> _Information provided_:
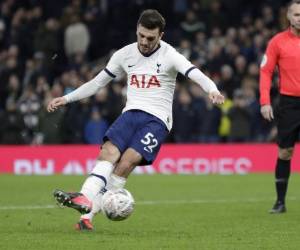 Troy Parrott del Tottenham remata un penal en el partido contra Norwich por la Copa FA en Londres, el miércoles 4 de marzo de 2020. Foto: Agencia AP.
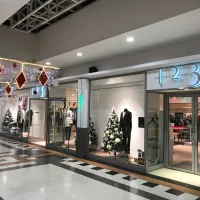 L'intérieur du centre commercial est aussi décoré pour les fêtes DR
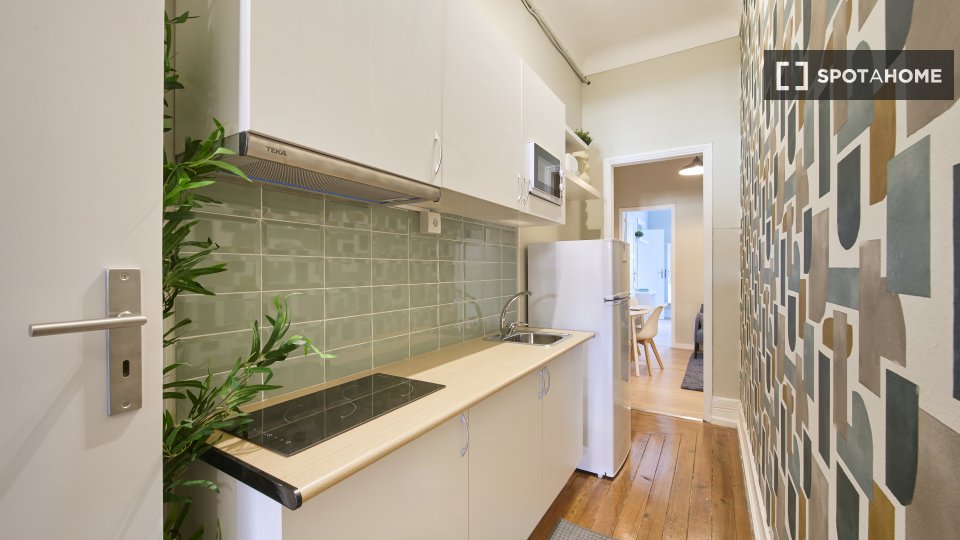 Apartment Lisbon, 1 bed — photo 16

> _Exercise_: Transcribe, please, the lines from the one holding "L'intérieur du centre" to the final line of the material, both included, exactly and with no extra lines, and skip the pictures.

> _Solved exercise_:
 L'intérieur du centre commercial est aussi décoré pour les fêtes DR
 Apartment Lisbon, 1 bed — photo 16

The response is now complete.